Love your additions Jill. 

Here is my new addition 

Erica's Tanquery of WF

I love this boy so much!

Who knows 2011 is not yet over. maybe 1 more?lol


----------



## Jill

Tank is such a beautiful boy


----------



## chandab

I bought one new mare this year. And, my computer crashed and she's now very fuzzy, so I only have one picture available and its not great.

Here's Baybe:


----------



## eagles ring farm

We bought 1 mare this year (and sold 1 mare)

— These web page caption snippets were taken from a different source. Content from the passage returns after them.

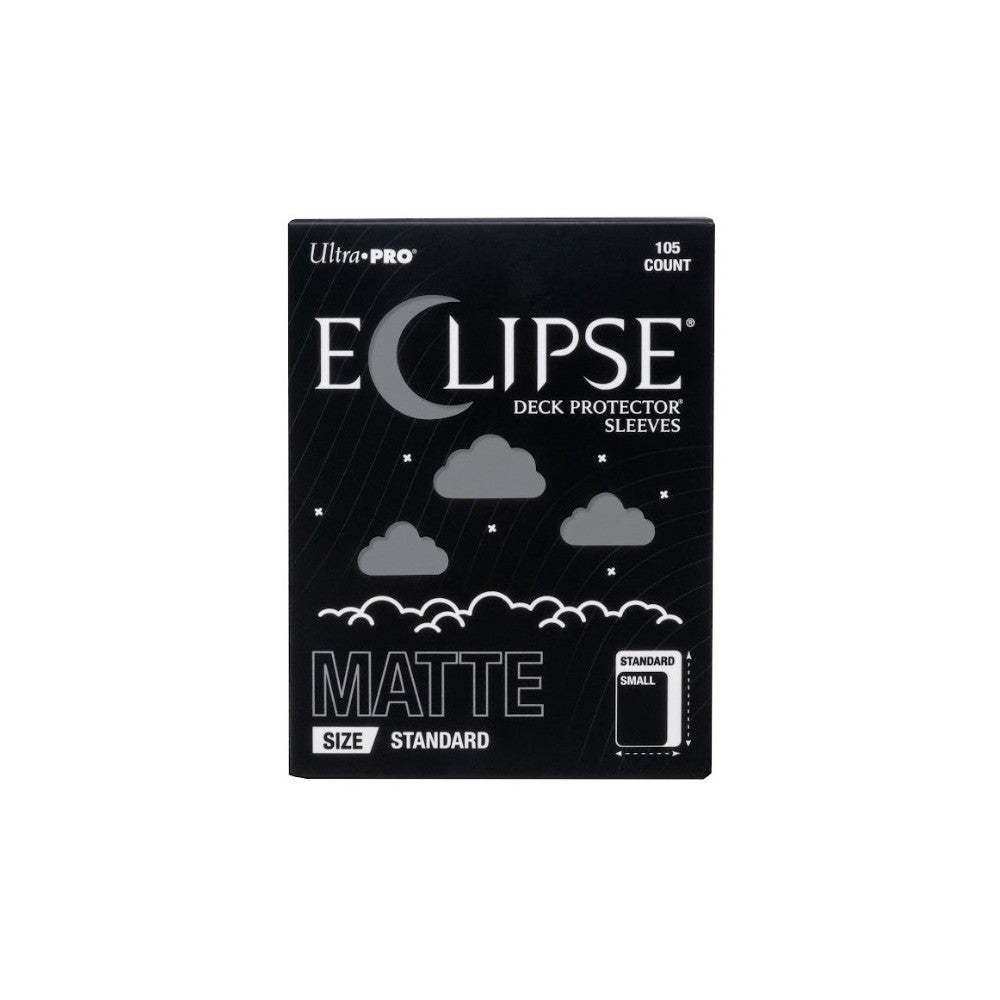 Ultra Pro: UP16689 ECLIPSE Matte Standard DECK PROTECTOR Sleeves: Smoke Grey - 105ct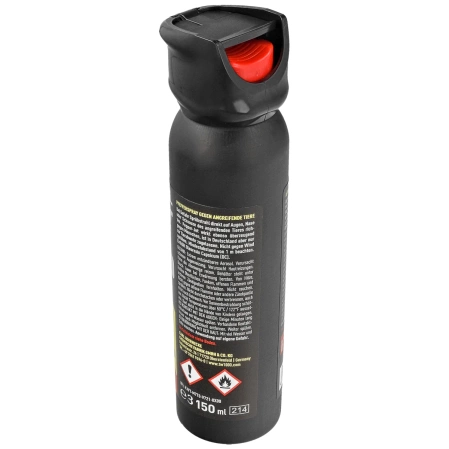 Gaz pieprzowy Hoernecke TW 1000 Gigant Pepper-Jet 150 ml - strumień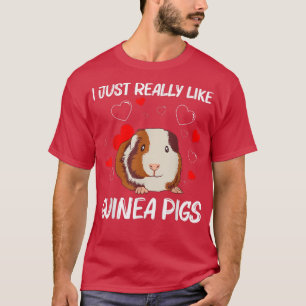 T-shirt Cute Guinée Pig Design For Men Women Guinée Pig Ro
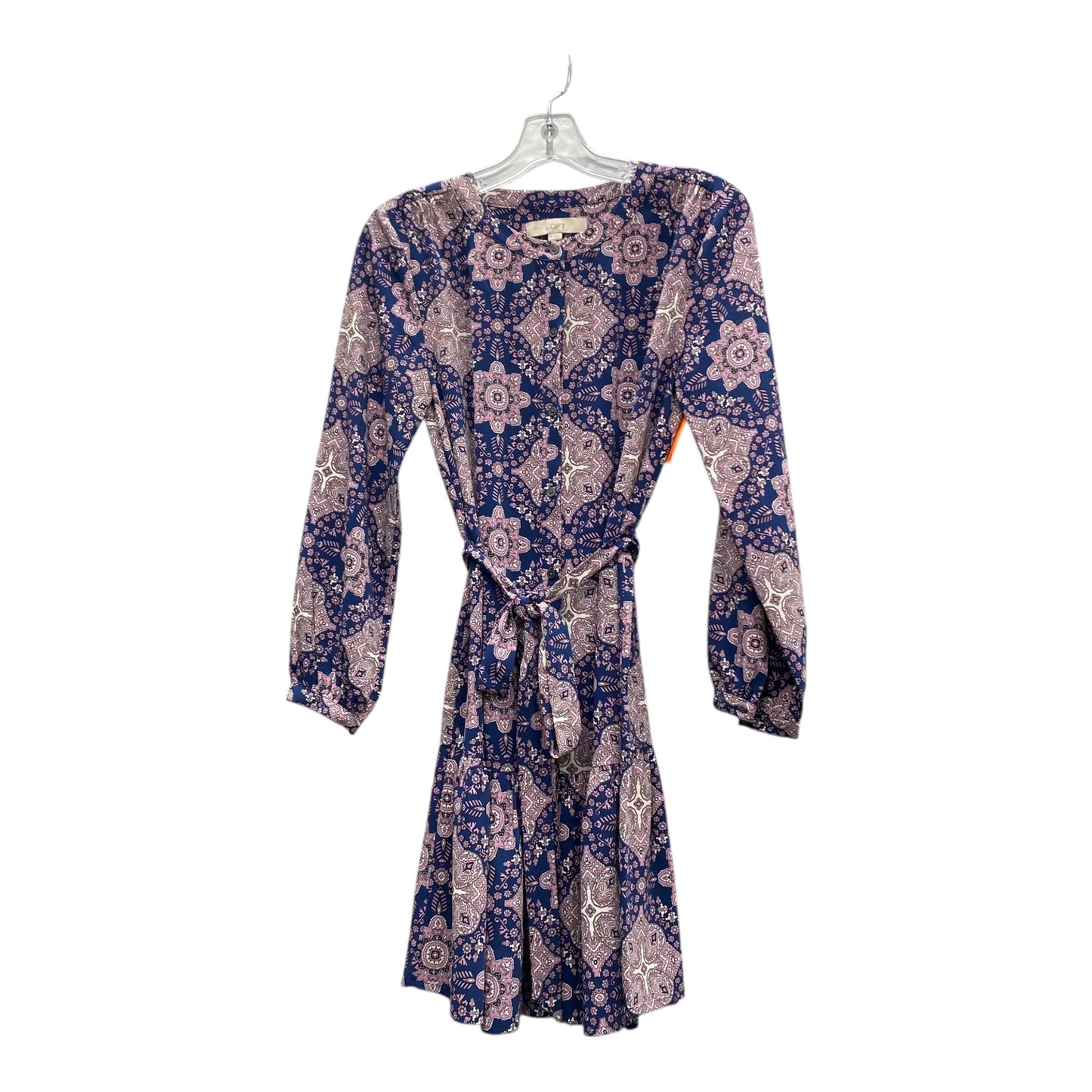 Dress Work By Loft In Blue & Pink, Size:Xs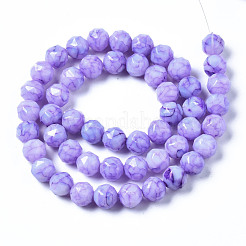 Непрозрачная выпечка окрашенные стеклянные бусы пряди EGLA-N006-004C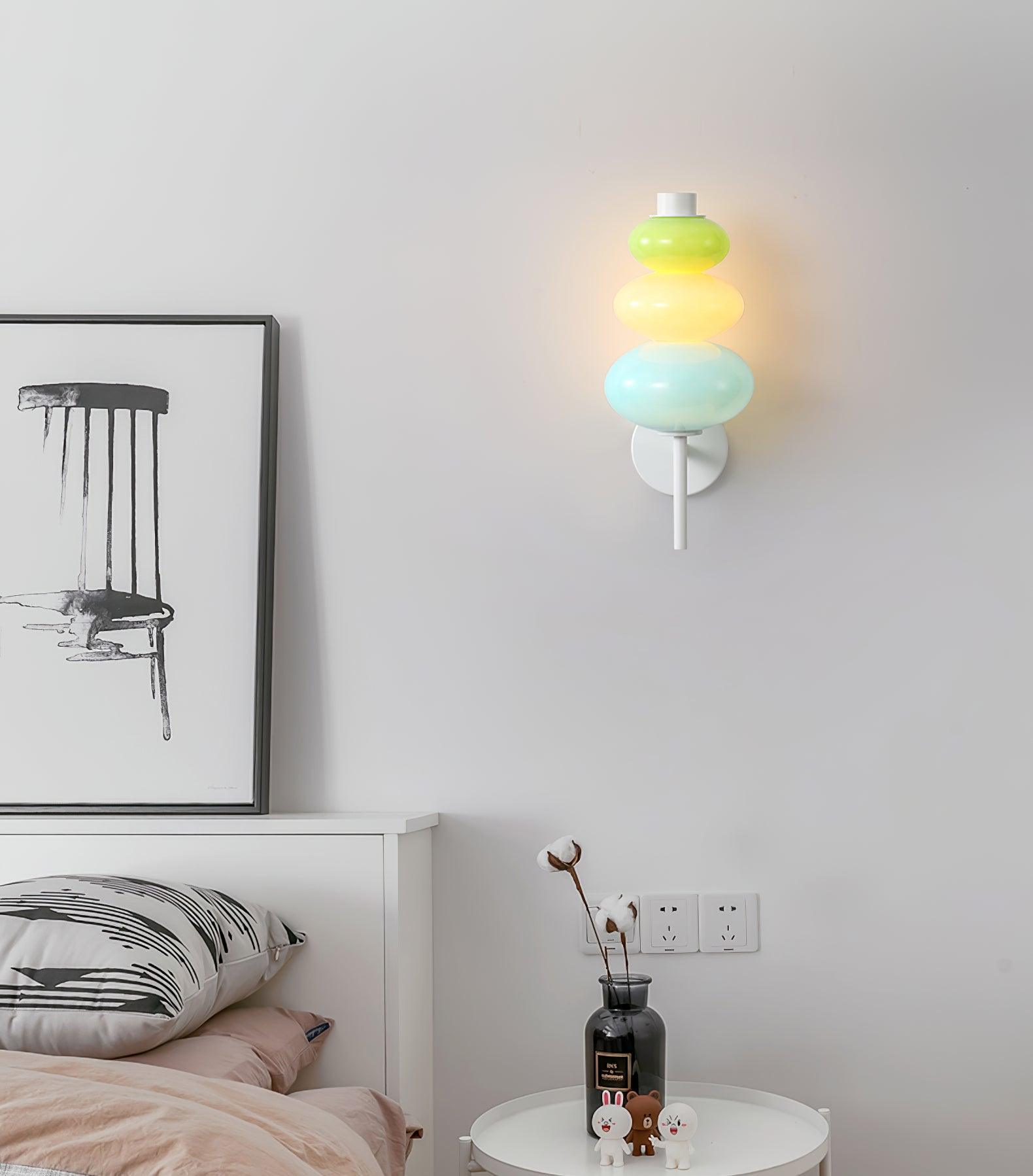 Pebble Modern Glass Wall Lamp-Neutral Decor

Cedar Fields Awesome Coco Chanel

2009 Solid Bay mare

Cross Country Call me Awesome x JTR Little Sarah

she's a Lazy N Redboy grandaughter on top






Bring on those new additions for us all to see!!


----------



## topnotchminis

Jill said:


> Tank is such a beautiful boy



Thank you. We think he is pretty special.


----------



## targetsmom

Love your mare Lori - she is paternal half sister to our mare Mira, Max's dam.

We bought one mare this year: 3 year old Buckeye WCF Last Dance, a FWF Little Wardance daughter. She is currently being trained here for .... everything!

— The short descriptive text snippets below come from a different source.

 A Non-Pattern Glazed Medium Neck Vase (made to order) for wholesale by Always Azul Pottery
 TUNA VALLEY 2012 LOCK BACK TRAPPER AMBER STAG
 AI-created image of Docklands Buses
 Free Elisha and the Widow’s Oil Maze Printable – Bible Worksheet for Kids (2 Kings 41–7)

I will use a photo provided by Getitia since most folks are posting non-fuzzy pics!


----------



## Jill

Oh, lots of wonderful shopping results



Love them all


----------



## eagles ring farm

Thank you Mary . I remember seeing Mira when we first got Coco in the summer she is such a pretty mare.

Everyones new ones are just beautiful

Bring on some more


----------



## Lucky-C-Acres-Minis

First we added

Lil Butt Blazing Glory "Glory"

AMHR Chestnut Pinto Mare

(in foal to Doc for 2012)











And then the most recent we added:

Cedar Fields Duke's Lil Duchess "Duchess"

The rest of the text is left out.